You can see this clearly from the samples supplied. Notice the full frame sensor (Canon 5D and Canon 1Ds) is full circular 180 degrees.
Now shooting with these higher professional cameras that give a full circular image allows you to stitch as little as 3 images which make life easier but! You will also notice that much of the sensor is not used and you waste a lot of pixels to "black" nothing area. The offset to this is that the professional full size sensor cameras have much larger Megapixel sensor that compensates.
Really this is why using a full frame fisheye (15mm/16mm) is better suited for higher resolution shots using the Canon 5D/1Ds as you don't waste those precious pixels. Or you can adapt a Nikon/Nikkor 10.5mm Full Frame Fisheye to the professional Canon body.
I think the real answer is possible to use the new Tokina 10-17mm zoom fisheye on these cameras to get the best of both worlds.

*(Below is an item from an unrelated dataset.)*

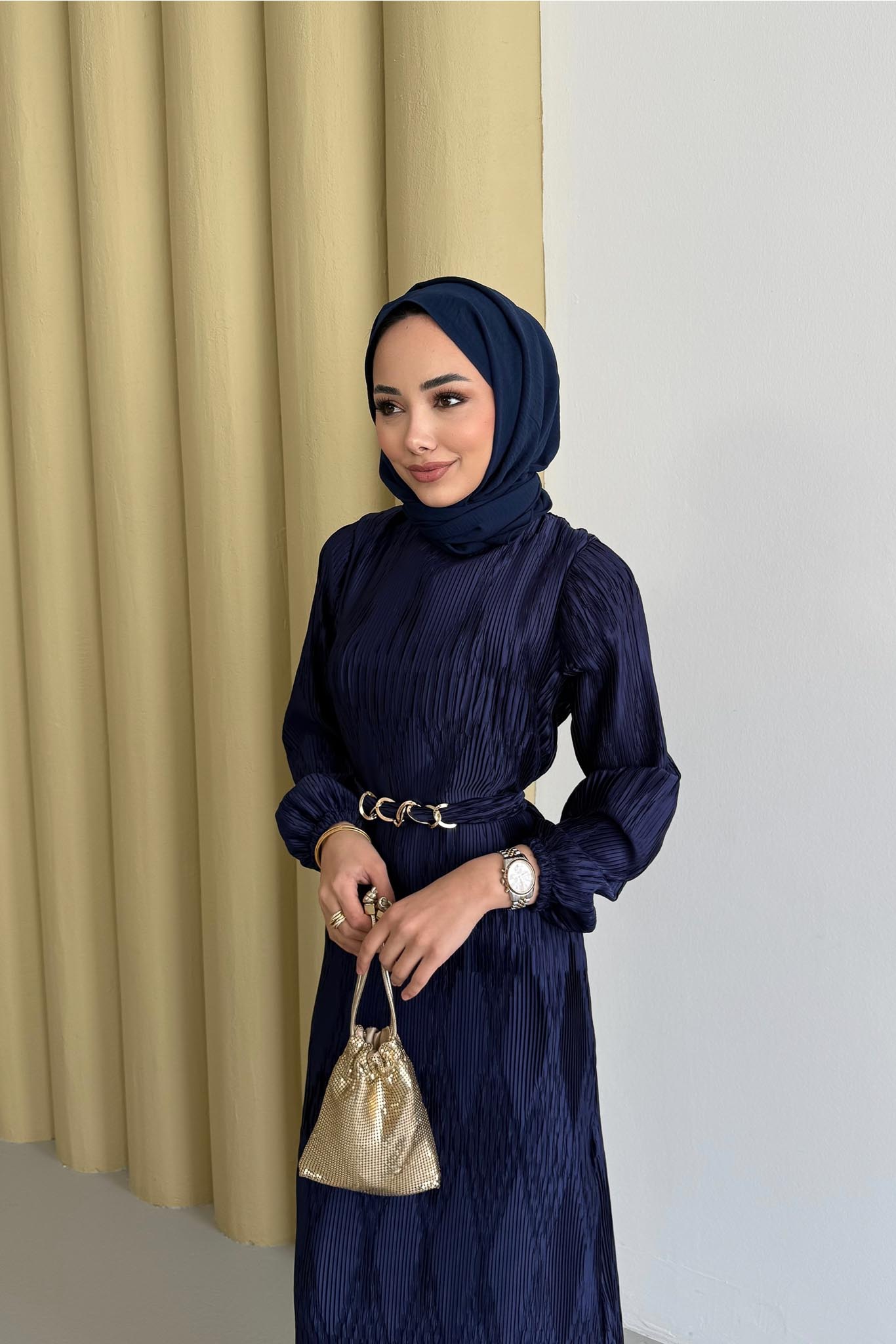 Seyran Pleated Dress Beige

You will get some saying you are better off with a small crop sensor and shooting more images. (That is hard to argue!) But the 5D for me is still the way to go because it can be used for so many other options and "All" SLR lenses work the way they were intended on a 35mm camera.
Also understand the Nikon FC-E8/9 are not always 185 degrees. It depends on what camera they are fitted too. On some they are less than 180 degrees and on others more than 190 degrees.
Finally, I have owned many Nikon's and many Canon's. I absolutely love my 5D but only slightly over my previous love the Canon 10D. I'm sure the 20D and 30D along with the 300D, 350D, 400D are all very good for their owners as well.
Hard to find a bad word about the Nikon DSLR range either.